1960’lı yılların başlangıcında, siyasal kültür kavramına ilişkin araştırmalar derinlik kazanmaya başlamıştır. Kavramın kuramsal olarak literatürde yer bulması ile bir toplumun siyasal kültürünü oluşturan etmenlerin araştırılması da önem kazanmıştır. İlk olarak siyaset bilimi içerisinde yer bulan siyasal kültür kavramını birçok etmen şekillendirmektedir. Bunlardan ilki, o toplumda yaşayan insanların siyasal nesneler karşısındaki tutum ve davranışlarıdır. Bu siyasal nesneler ise genel olarak siyasal partiler, siyasal kampanyalar, siyasal liderler, yönetim şekli ve seçim sistemidir.

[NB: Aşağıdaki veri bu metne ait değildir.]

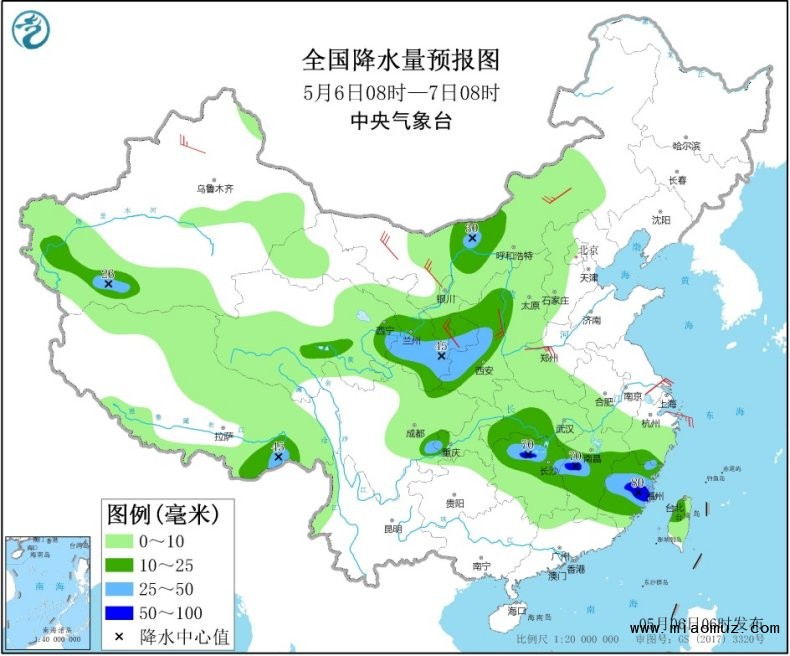 中东部新一轮降雨登场 华南“蒸煮”模式持续到周末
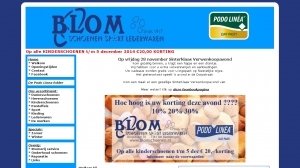 logo Blom Schoenen Sport- en Lederwaren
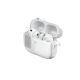 11. Etui AMAZINGTHING Titan Pro Mag Case Clear do AirPods Pro 3 - białe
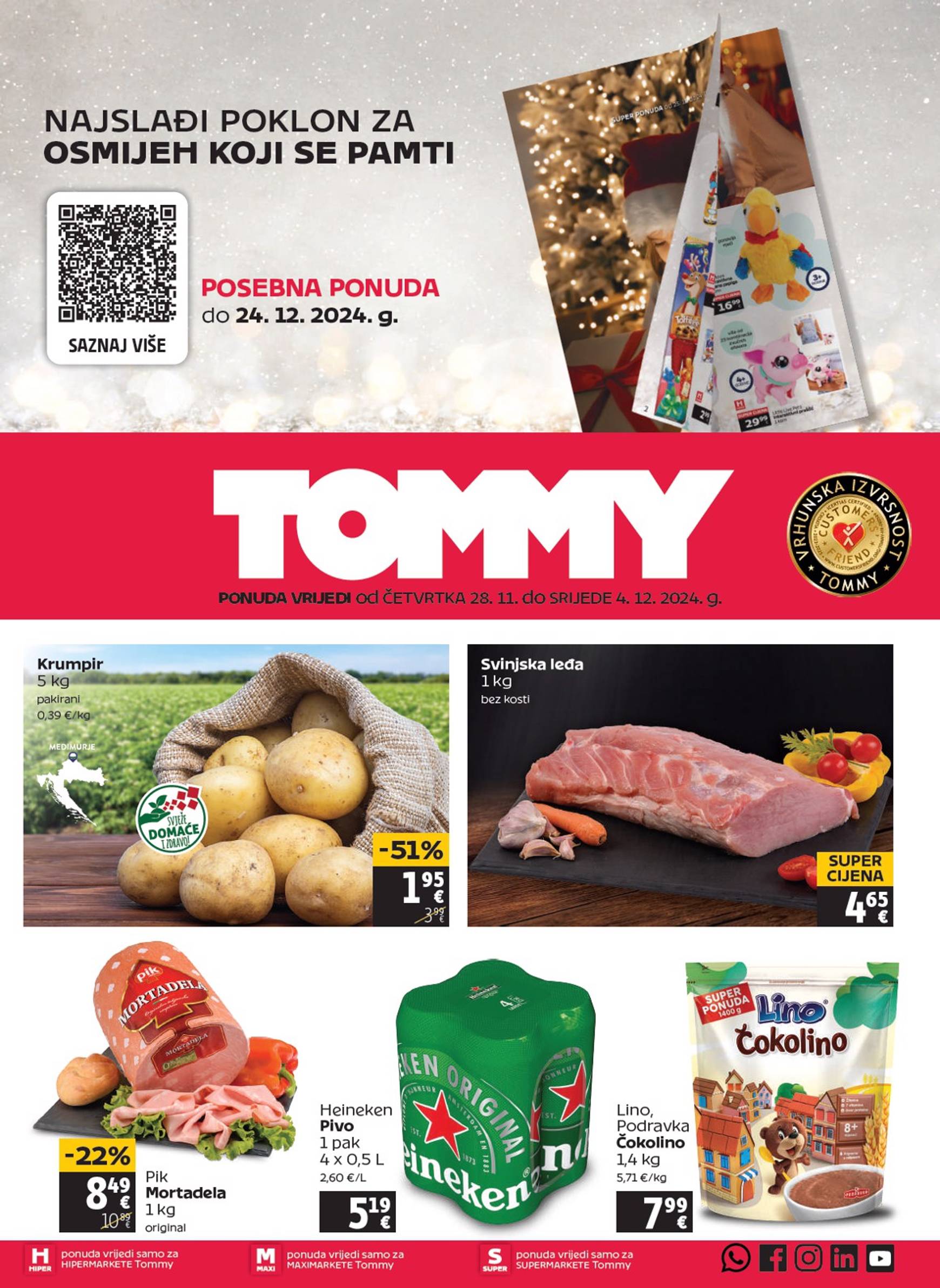 tommy - Tommy katalog vrijedi od 28.11. do 04.12.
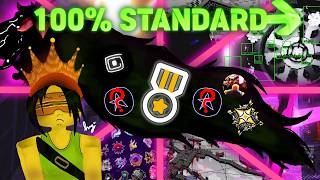 I 100% Standard Mode in Nullscape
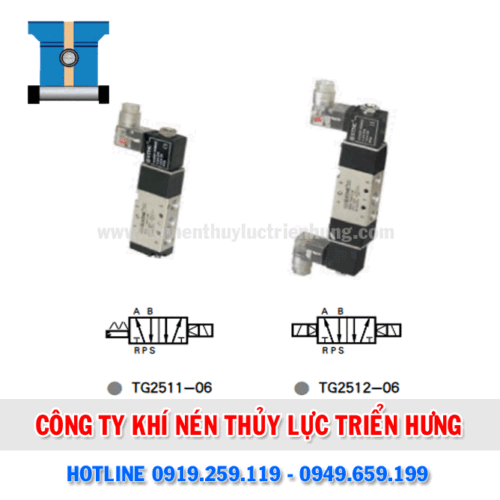 VAN ĐIỆN TỪ TG 2511 - TG 2512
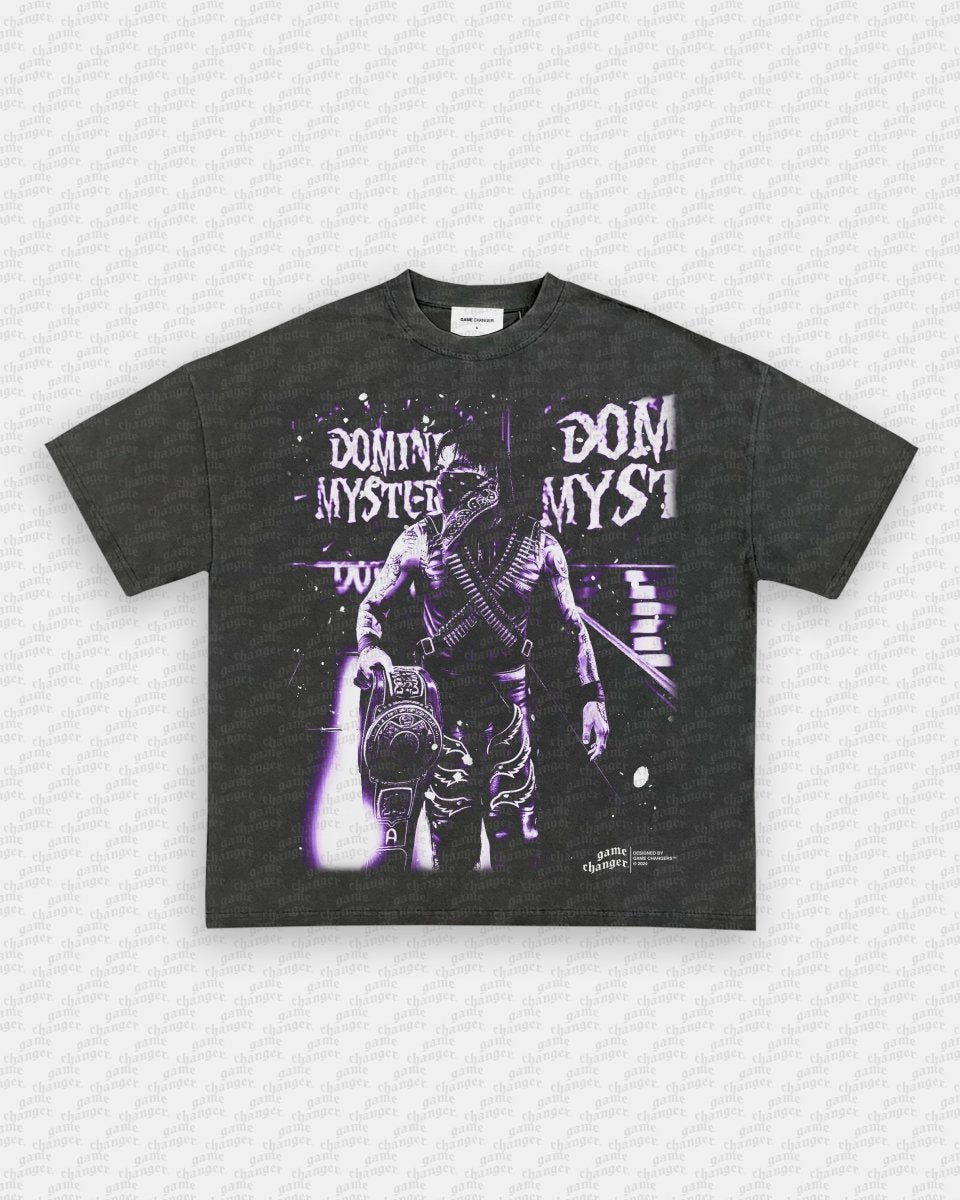 DOMINIK MYSTERIO V2 TEE - GAME CHANGERS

Seçim sistemleri ile ilgili araştırmalar ise, özellikle hangi ülkeye hangi seçim sisteminin uygun olacağı noktasında oldukça tartışmalıdır. İşlevleri siyasal istikrar ve temsilde adalet sağlama olan seçim sistemlerinin uygulandığı ülkede siyasal kültüre de uygun olması oldukça önemlidir. Seçim sistemleri siyasal kültürü etkilediği kadar, siyasal kültür de o ülkenin seçim sistemini belirlemede etkili olabilmektedir.

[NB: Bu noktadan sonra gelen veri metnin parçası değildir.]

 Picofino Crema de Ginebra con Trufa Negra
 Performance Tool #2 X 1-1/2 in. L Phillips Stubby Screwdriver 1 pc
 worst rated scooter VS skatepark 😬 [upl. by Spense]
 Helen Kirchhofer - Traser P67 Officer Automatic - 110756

Seçimler, bir ülkenin hem özgürlüğünün hem de demokrasinin en başat koşuludur. Seçim yolu ile vatandaş yönetenlere temsil yetkisi vermekte, böylece ya vatandaşların bir kısmı ya da tamamı parlamentoda temsil edilebilmektedir. Seçimler, uzun ve önemli bir süreci ifade etmektedir. Adayların belirlenip başvurmasıyla başlayan bu önemli süreç; seçim kampanyaları, vatandaşın seçme hakkı ile oy kullanması ve seçim sonuçlarının ilanı ile son bulmaktadır. Her seçim sonucu ise o ülkede siyasal anlamda yeni bir başlangıcı ifade etmektedir.